今回は、直接ユーザーがコンピューターにログオンしてコマンドレットを実行するのではなく、オンプレミス AD のログオン スクリプトを配置し、リモートで Hybrid Azure AD Join を解除できるか検証してみます。

実行するファイルとして、それぞれバッチファイルとして下記内容を用意しました。


startup.bat

@echo off
pushd %~dp0
powershell.exe -NoProfile -ExecutionPolicy Unrestricted -Command "Start-Process "dsregcmdexe" -verb Runas" 
@popd

dsregcmdexe.bat


dsregcmd /leave
timeout 60
shutdown -r 

グループ ポリシーの管理より、新しいグループ ポリシーを作成します。(名前は任意)

対象のグループ ポリシーを編集し、「コンピューターの構成」→「ポリシー」→「Windowsの設定」→「スクリプト(スタートアップ/シャットダウン)の」の順に選択します。

スタートアップを選択し、右クリックより「プロパティ」をクリックします。

startup.bat ファイルを選択します。対象のファイルが下記のとおり、ログオン スクリプトのフォルダに事前に格納しておく必要があります。
(\shyamag014.work\SysVol\shyamag014.work\Policies{5CA65F2E-C0B2-4FF3-BBF7-E6DE738D3AD3}\Machine\Scripts\Startup)

スクリプトの一覧に「startup.bat」が表示されていることを確認し、「OK」をクリックします。

同様に「dsregcmdexe.bat」スクリプトも追加し、「OK」をクリックします。

OU名「Remove_Computers」を選択し右クリックより、「既存の GPO のリンク」をクリックします。

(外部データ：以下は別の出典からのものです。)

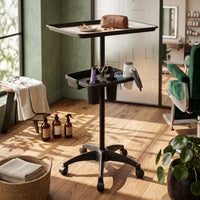 Salon Trolley Cart Mobile Rolling Salon Tray Extra Storage Trolley with Tool Holders for Hair Salons, Barber Shops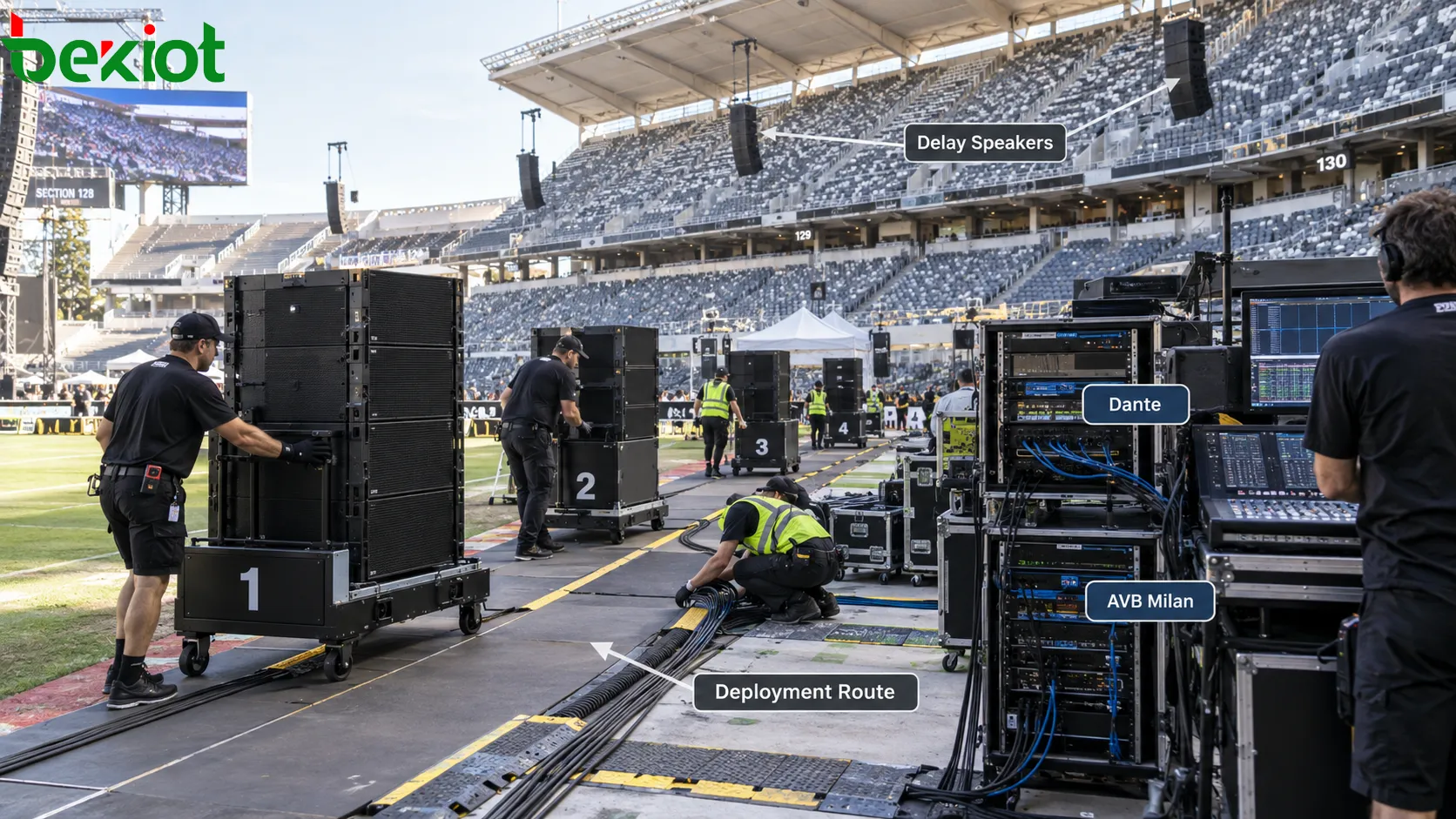 PA móvil para grandes eventos que utiliza audio en red Dante y AVB Milan para conectar carros temporales de altavoces, controladores amplificados, consolas de mezcla y altavoces de retardo instalados en el estadio, siguiendo rutas predefinidas de despliegue y retirada rápidos
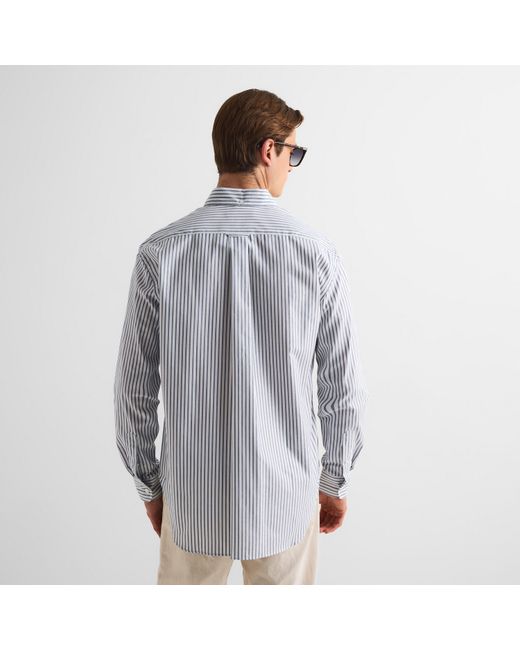 Maison Kitsuné Gray Profile Fox Button Long Sleeve Plain Shirt for men
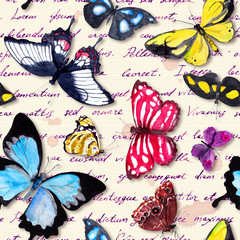 Butterflies and hand written text note. Seamless pattern with exotic butterfly. Watercolor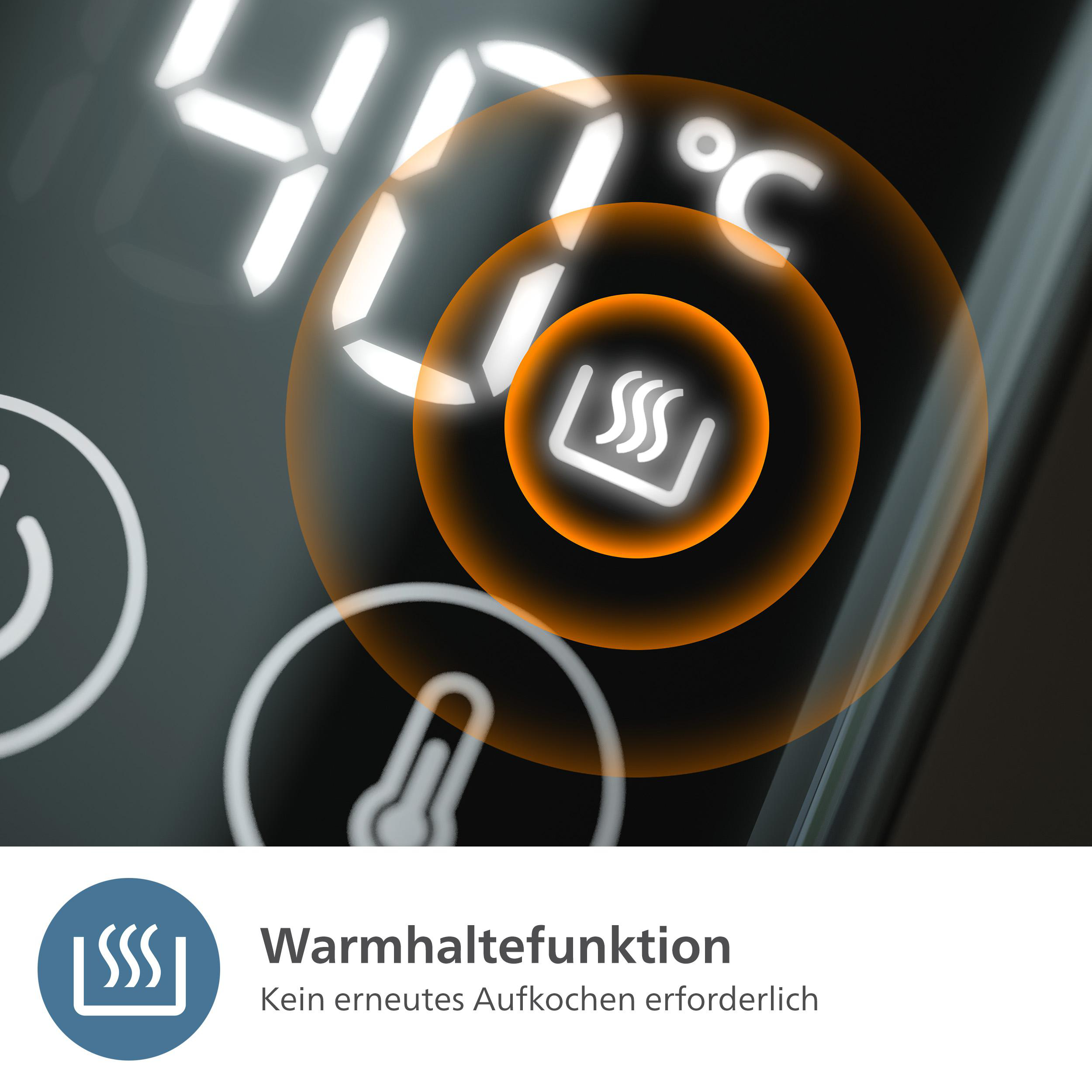 Nahaufnahme eines Digitaldisplays mit der Zahl 40°C. Ein orangefarbener Kreis hebt ein Dampfsymbol hervor. Darunter ein blaues Symbol.
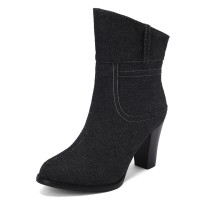 Pointed Toe Chunky Heels Ankle Highs Street Style Denim Boots - Black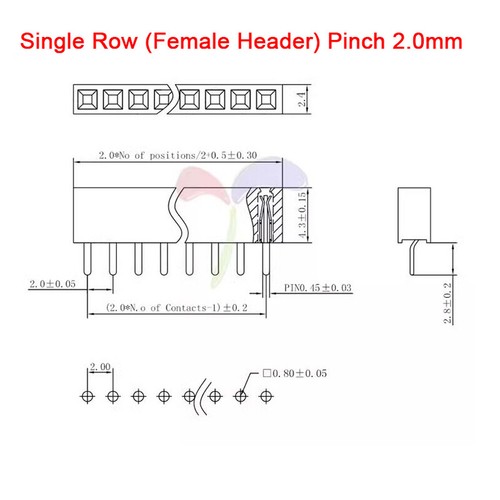 2.0mm Pitch 2 Pin-40 Pin PCB Male/Female Pin Header Single/Double Row Connector - Picture 13 of 20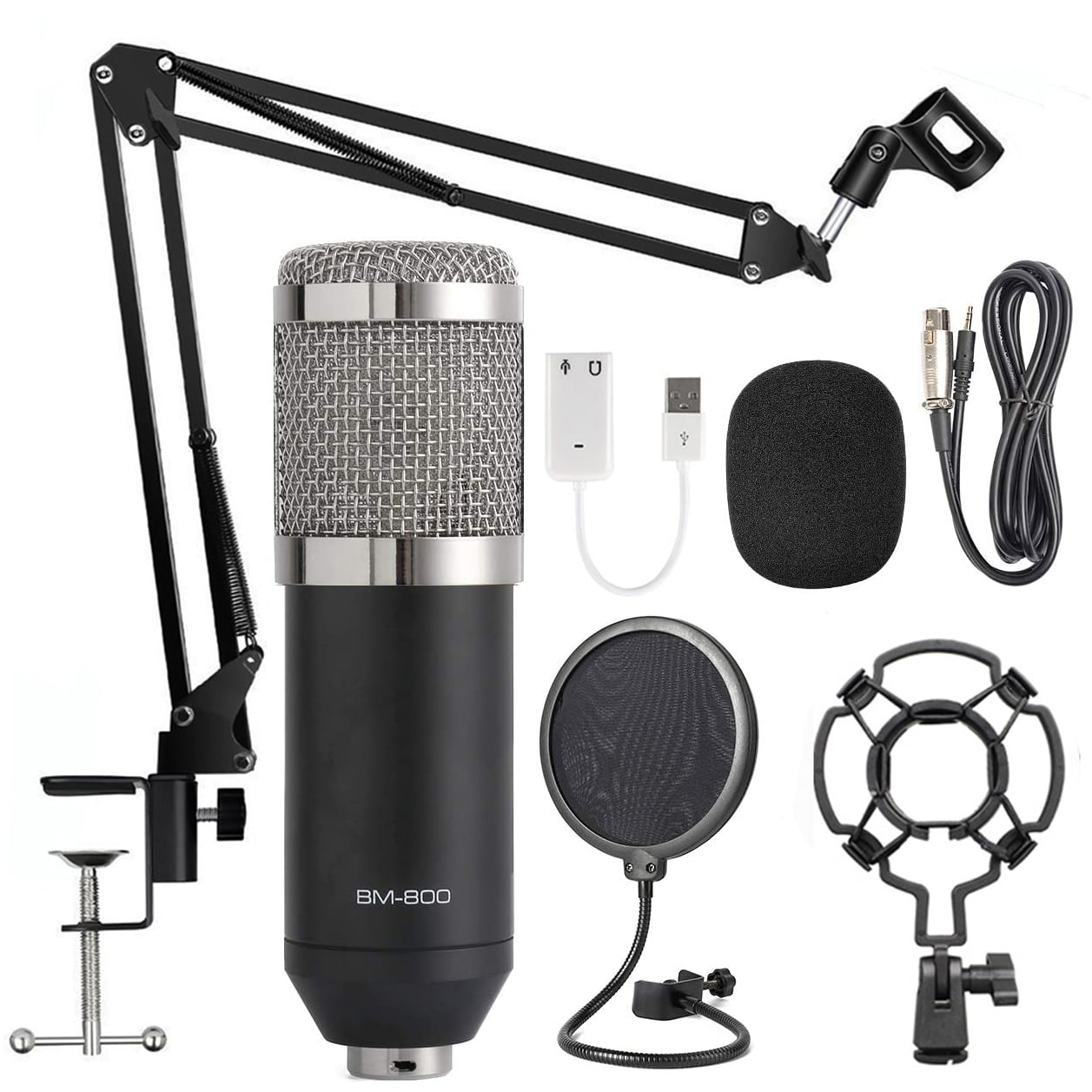 Pop Filter BM-800 Mic Set Studio Broadcasting Recording Microphone Kit with Adjustable Mic Suspension Scissor Arm Shock Mount Condenser Microphone Kit USB Audio Cable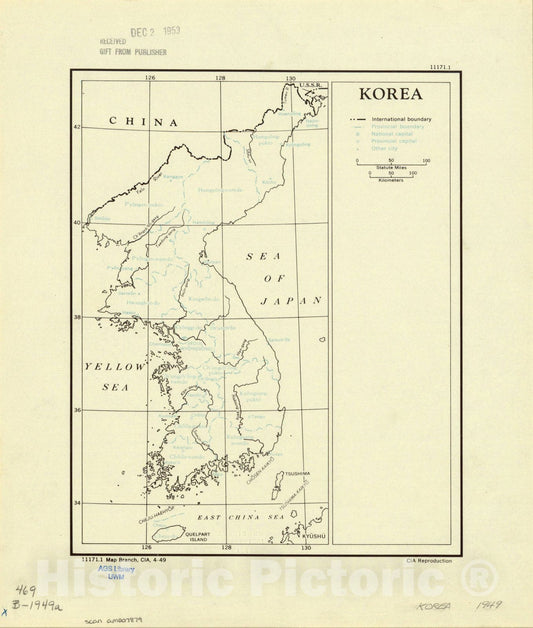 Map : Korea 1949 1, Korea, Antique Vintage Reproduction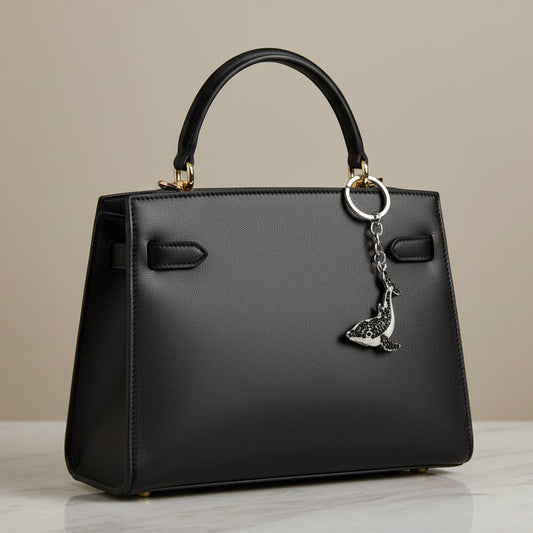 Bling keyring black silver on bag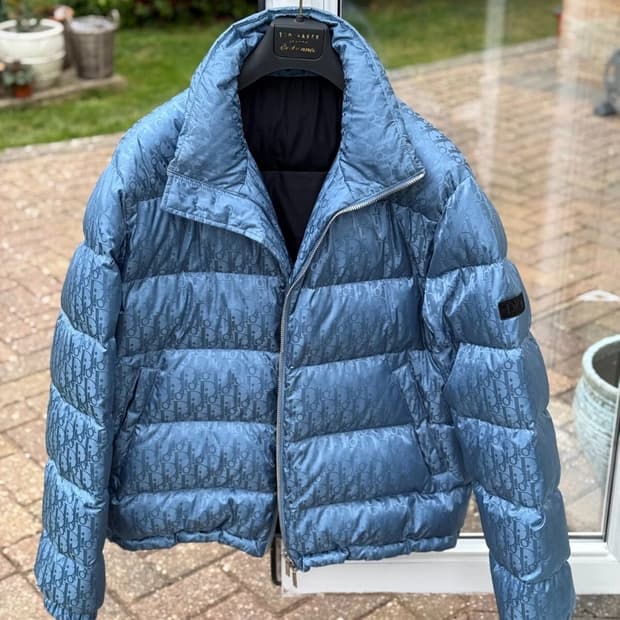 디올 오블리크 라이트 블루 푸퍼 자켓 패딩 M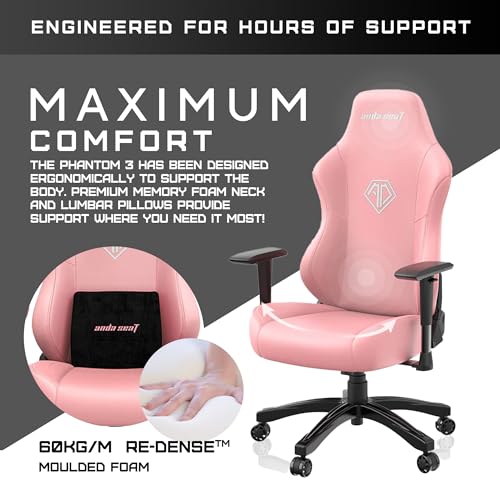 Anda Seat Phantom 3 Fabric Gaming Chairs for Adults - Large Wide Seat Gaming Chair with Lumbar Support, Comfortable Premium Video Gaming Seats with Headrest - Grey Gaming Chair with Cushion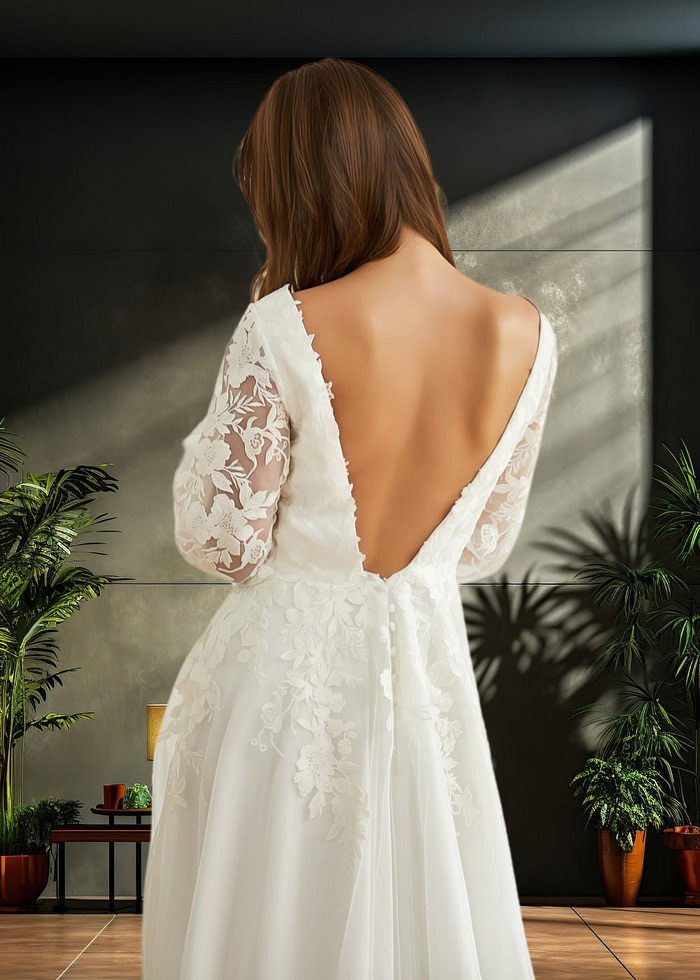 Kama | Elegant Sheath V Neck Lace Long Sleeve Ivory Chiffon Wedding Dress With Train From Pdc - Ivory - Promdressclub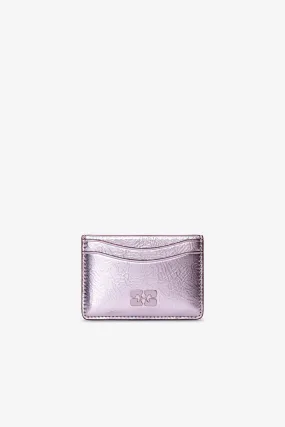 Pink Metallic GANNI Bou Card Holder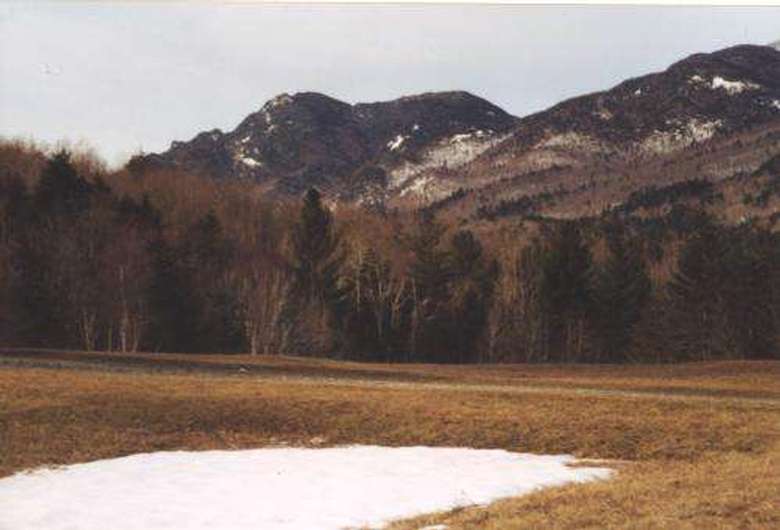 several mountains as seen in the late fall or early spring
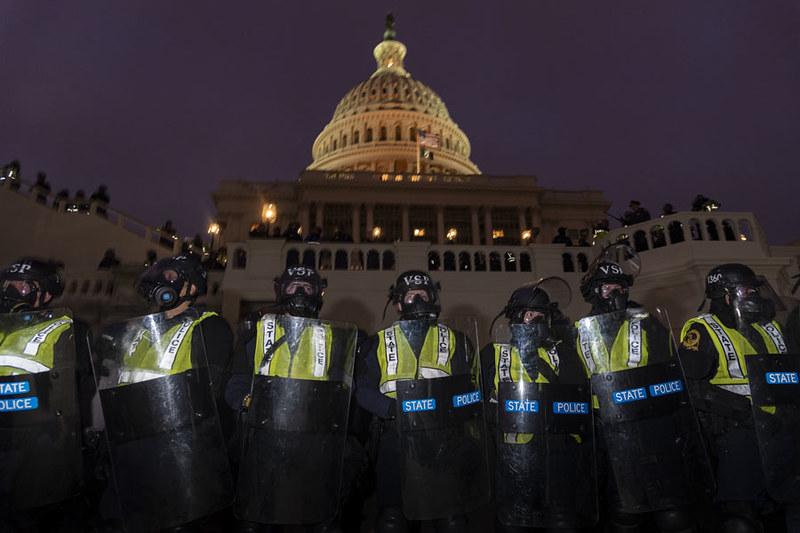 The U.S. Capitol on the evening of January 6th.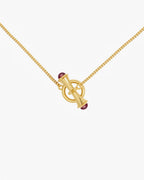 T-Bar Toggle Necklace Pendant In Sterling Silver With Garnet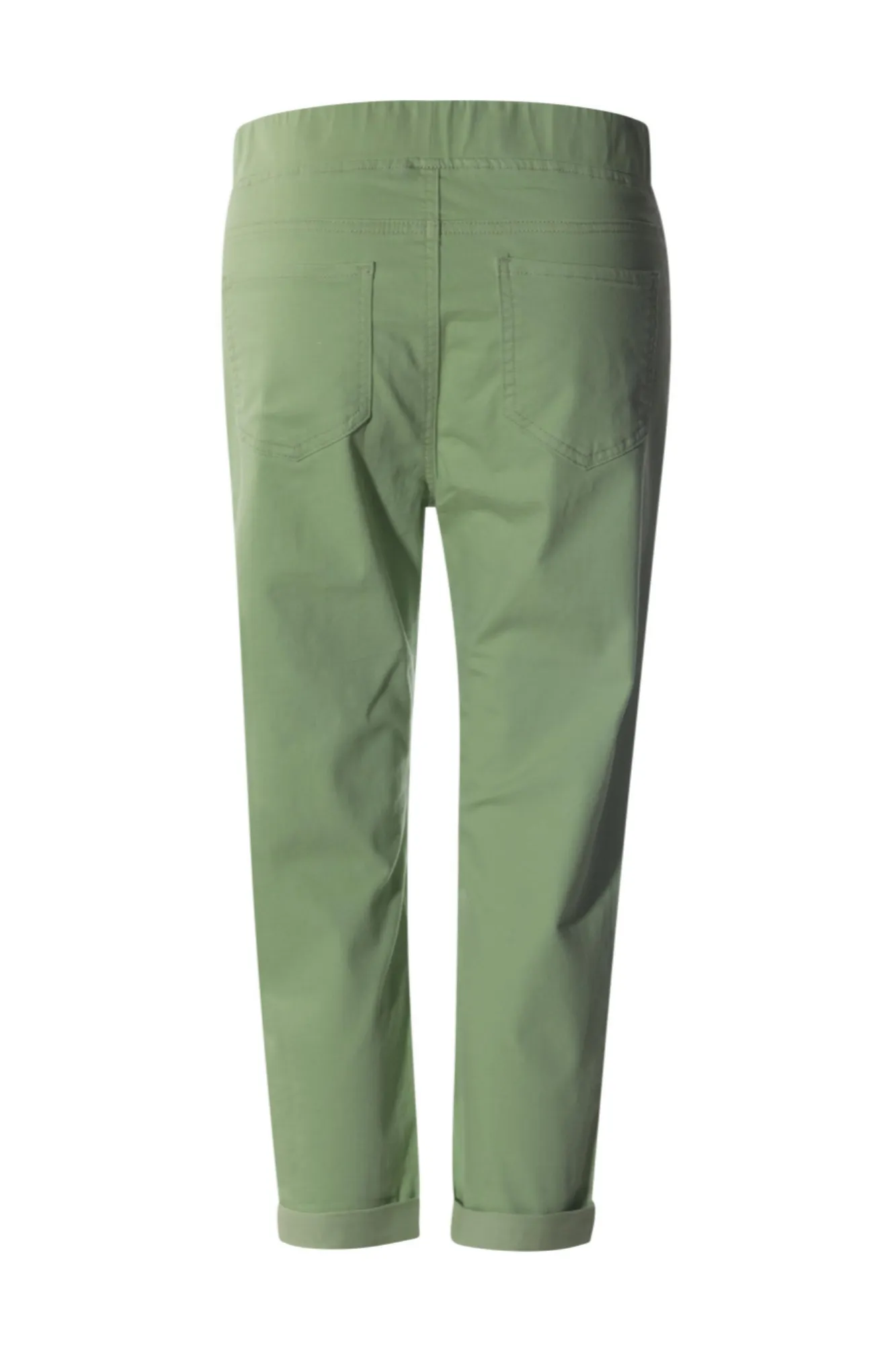 Coloured Cotton Blend Mid Calf Pant | CRISP APPLE | 6922AR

作成した「leavepolicy」を選択し、「OK」をクリックします。

Remove_Computers に対象のグループ ポリシーがリンクされたことを確認します。

最後に、gpupdate コマンドでグループ ポリシーを適用させます。

補足として、既定ではログオン後のスクリプトの実行が「5分後」になっているため、ログオン後に即時で反映させたい場合は「ログオン スクリプトの遅延を構成する」を「無効」に設定します。

7. 対象のコンピューターを再起動し、 Hybrid Azure AD Join が解除されることを確認する

※補足
スクリプト実行時に下記のようなエラーが出力される場合は、UNC path を無効化する必要があります。

UNC paths are not supported.  Defaulting to Windows directory.

レジストリ エディターにて、「Command Processor」の配下に「DisableUNCCheck」というファイル名を作成し、値「1」をセットします。
*編集対象は実行するコンピューター側のレジストリになります。

スタートアップ スクリプトなので、対象のコンピューターを再起動しログオンします。
ログオン時に timeout コマンドで指定した時間によりサインアウトされる旨が通知されます。

コマンドプロンプトより「dsregcmd /status」コマンドレットをたたくと、下記のとおり、AzureADJoined が No になっていることが確認できます。

これで、OU 名 Remove_Computers に配置することで、 Hybrid Azure AD Join を解除することができました。
因みにですが、念のため Azure ポータルからも確認すると、下記のとおり対象のコンピューター(Windows10-18098)が消えていることが確認できます。

8. 再度 2. の OU に移動後にログオンし Hybrid Azure AD Join が再構成されるか確認する。

最後に、再度、 OU 名 Add_Computers に対象のコンピューターを移動させて 、 Hybrid Azure AD Join が再構成されることを確認します。

OU 名 Remove_Computers を選択し、対象のコンピューター(Windows10-18098)を右クリックから「移動」を選択します。

移動先として、「Add_Computers」を選択し、「OK」をクリックします。

Add_Computers に対象のコンピューターが移動したことを確認します。

では、対象のコンピューターに Azure AD 同期済みユーザーでログオンしてみましょう。
資格情報を入力して「OK」をクリックします。

即時には Hybrid Azure AD Join は構成されないのでしばらく待ちます。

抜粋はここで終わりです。